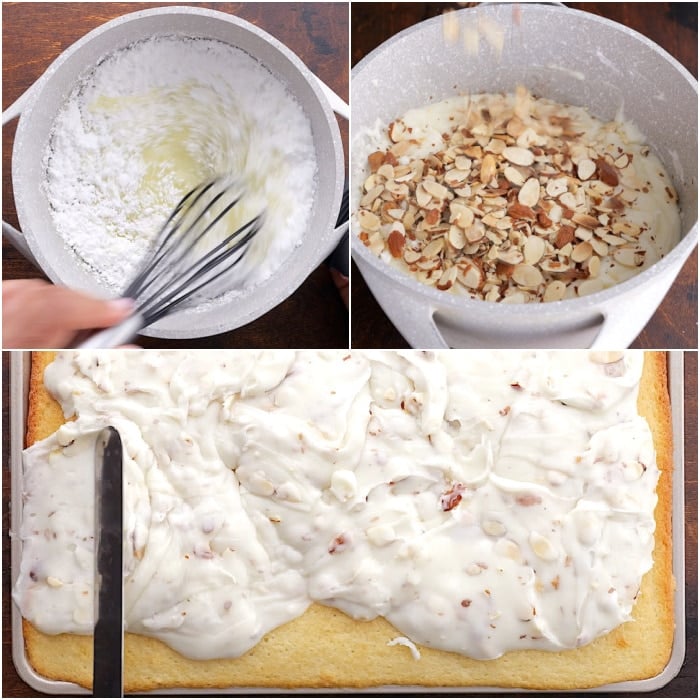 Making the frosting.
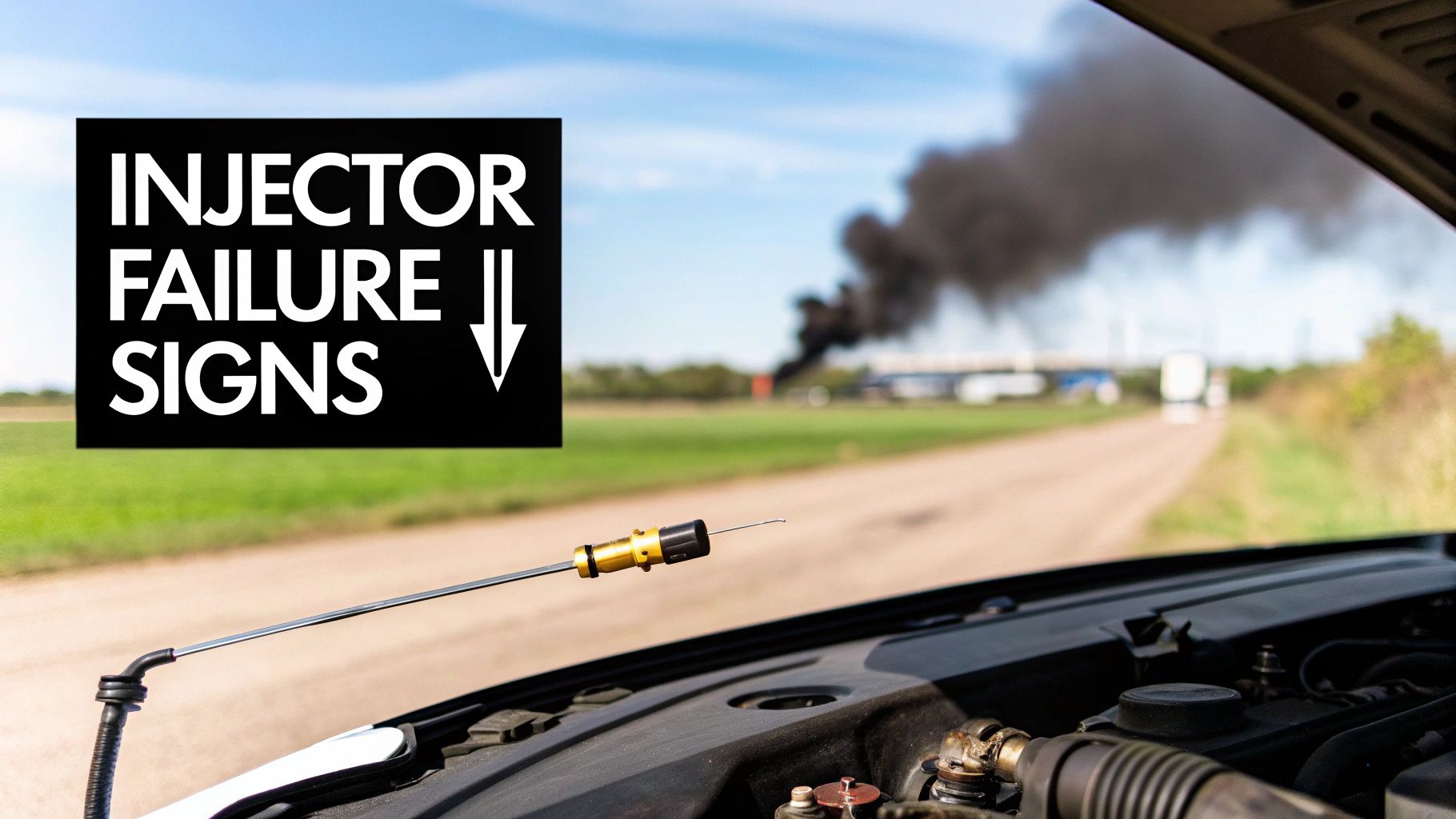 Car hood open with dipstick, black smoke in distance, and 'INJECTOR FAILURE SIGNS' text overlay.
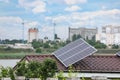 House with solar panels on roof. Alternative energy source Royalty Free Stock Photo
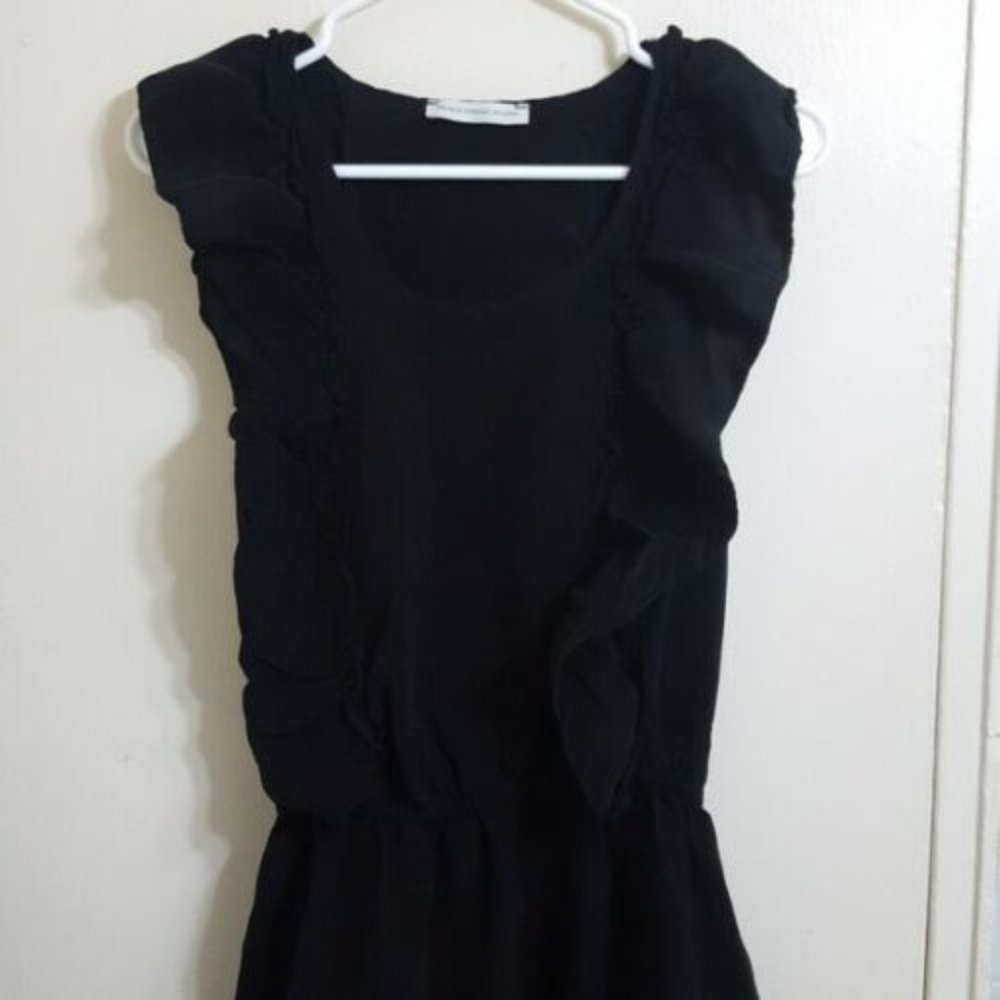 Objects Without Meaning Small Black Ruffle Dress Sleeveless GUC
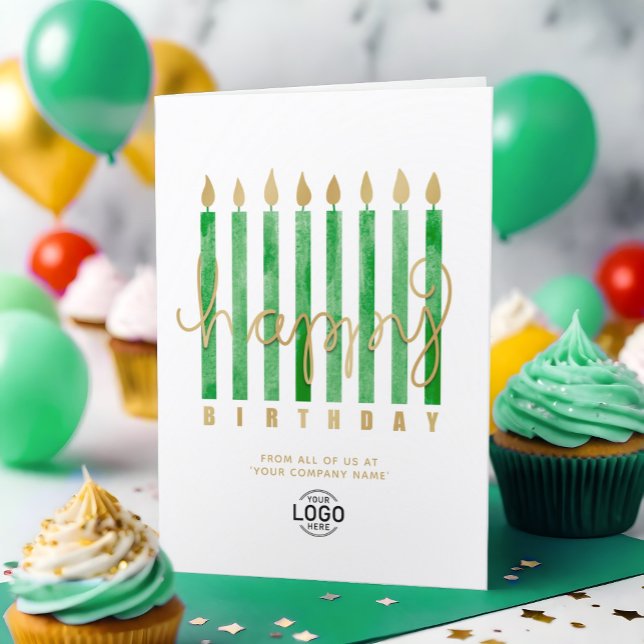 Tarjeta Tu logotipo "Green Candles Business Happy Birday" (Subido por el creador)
_ _ _ _
# [YOUR ASSIGNMENT]
Where pictures appear in the records, leave them out; output everything else exactly.

# [WRITTEN RESPONSE]
 Making the frosting.
 Car hood open with dipstick, black smoke in distance, and 'INJECTOR FAILURE SIGNS' text overlay.
 House with solar panels on roof. Alternative energy source Royalty Free Stock Photo
 Objects Without Meaning Small Black Ruffle Dress Sleeveless GUC
 Tarjeta Tu logotipo "Green Candles Business Happy Birday" (Subido por el creador)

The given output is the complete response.